On Mon, Feb 03, 2025 at 10:18:24AM +0000, Kevin Brodsky wrote:
> This is a proposal to leverage protection keys (pkeys) to harden
> critical kernel data, by making it mostly read-only. The series includes
> a simple framework called "kpkeys" to manipulate pkeys for in-kernel use,
> as well as a page table hardening feature based on that framework
> (kpkeys_hardened_pgtables). Both are implemented on arm64 as a proof of
> concept, but they are designed to be compatible with any architecture
> implementing pkeys.

Does QEMU support POE? The only mention I could find is here:
https://mail.gnu.org/archive/html/qemu-arm/2024-03/msg00486.html
where the answer is, "no and it looks difficult". :P

> # Threat model
>
> The proposed scheme aims at mitigating data-only attacks (e.g.
> use-after-free/cross-cache attacks). In other words, it is assumed that
> control flow is not corrupted, and that the attacker does not achieve
> arbitrary code execution. Nothing prevents the pkey register from being
> set to its most permissive state - the assumption is that the register
> is only modified on legitimate code paths.

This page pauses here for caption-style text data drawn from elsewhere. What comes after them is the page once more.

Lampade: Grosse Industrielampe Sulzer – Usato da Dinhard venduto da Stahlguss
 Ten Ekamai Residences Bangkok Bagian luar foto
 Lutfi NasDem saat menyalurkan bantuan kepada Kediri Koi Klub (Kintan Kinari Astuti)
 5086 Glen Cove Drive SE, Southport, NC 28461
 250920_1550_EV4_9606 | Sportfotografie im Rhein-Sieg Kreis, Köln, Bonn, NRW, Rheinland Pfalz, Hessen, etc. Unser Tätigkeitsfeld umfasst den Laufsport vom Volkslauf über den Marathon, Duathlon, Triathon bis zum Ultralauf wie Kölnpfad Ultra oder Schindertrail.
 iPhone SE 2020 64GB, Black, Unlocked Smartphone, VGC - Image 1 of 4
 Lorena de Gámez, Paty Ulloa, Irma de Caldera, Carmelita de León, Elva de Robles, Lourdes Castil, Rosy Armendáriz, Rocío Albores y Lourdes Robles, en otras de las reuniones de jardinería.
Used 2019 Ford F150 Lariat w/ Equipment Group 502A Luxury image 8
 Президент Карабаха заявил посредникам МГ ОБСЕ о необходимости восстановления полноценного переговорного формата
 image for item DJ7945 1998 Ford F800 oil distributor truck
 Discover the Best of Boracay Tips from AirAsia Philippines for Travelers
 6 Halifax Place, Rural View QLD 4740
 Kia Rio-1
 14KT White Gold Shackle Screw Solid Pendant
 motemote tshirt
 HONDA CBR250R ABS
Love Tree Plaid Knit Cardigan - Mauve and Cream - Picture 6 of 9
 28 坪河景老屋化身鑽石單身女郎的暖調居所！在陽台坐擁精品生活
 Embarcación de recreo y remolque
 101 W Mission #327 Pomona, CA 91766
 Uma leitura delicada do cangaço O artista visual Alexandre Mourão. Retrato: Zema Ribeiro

Do you have any tests that could be added to drivers/misc/lkdtm that
explicitly exercise the protection? That is where many hardware security
features get tested. (i.e. a successful test will generally trigger a
BUG_ON or similar.)

> The arm64 implementation should be considered a proof of concept only.
> The enablement of POE for in-kernel use is incomplete; in particular
> POR_EL1 (pkey register) should be reset on exception entry and restored
> on exception return.

As in, make sure the loaded pkey isn't leaked into an exception handler?

> # Open questions
>
> A few aspects in this RFC that are debatable and/or worth discussing:
>
> - There is currently no restriction on how kpkeys levels map to pkeys
> permissions. A typical approach is to allocate one pkey per level and
> make it writable at that level only. As the number of levels
> increases, we may however run out of pkeys, especially on arm64 (just
> 8 pkeys with POE). Depending on the use-cases, it may be acceptable to
> use the same pkey for the data associated to multiple levels.
>
> Another potential concern is that a given piece of code may require
> write access to multiple privileged pkeys. This could be addressed by
> introducing a notion of hierarchy in trust levels, where Tn is able to
> write to memory owned by Tm if n >= m, for instance.
>
> - kpkeys_set_level() and kpkeys_restore_pkey_reg() are not symmetric:
> the former takes a kpkeys level and returns a pkey register value, to
> be consumed by the latter. It would be more intuitive to manipulate
> kpkeys levels only. However this assumes that there is a 1:1 mapping
> between kpkeys levels and pkey register values, while in principle
> the mapping is 1:n (certain pkeys may be used outside the kpkeys
> framework).

Is the "levels" nature of this related to how POE behaves? It sounds
like there can only be 1 pkey active at a time (a role), rather than
each pkey representing access to a specific set of pages (a key in a
keyring), where many pkeys could be active at the same time. Am I
understanding that correctly?

> Any comment or feedback will be highly appreciated, be it on the
> high-level approach or implementation choices!

As hinted earlier with my QEMU question... what's the best way I can I
test this myself? :)

Thanks for working on this! Data-only attacks have been on the rise for
a while now, and I'm excited to see some viable mitigations appearing.
Yay!

-Kees

--
Kees Cook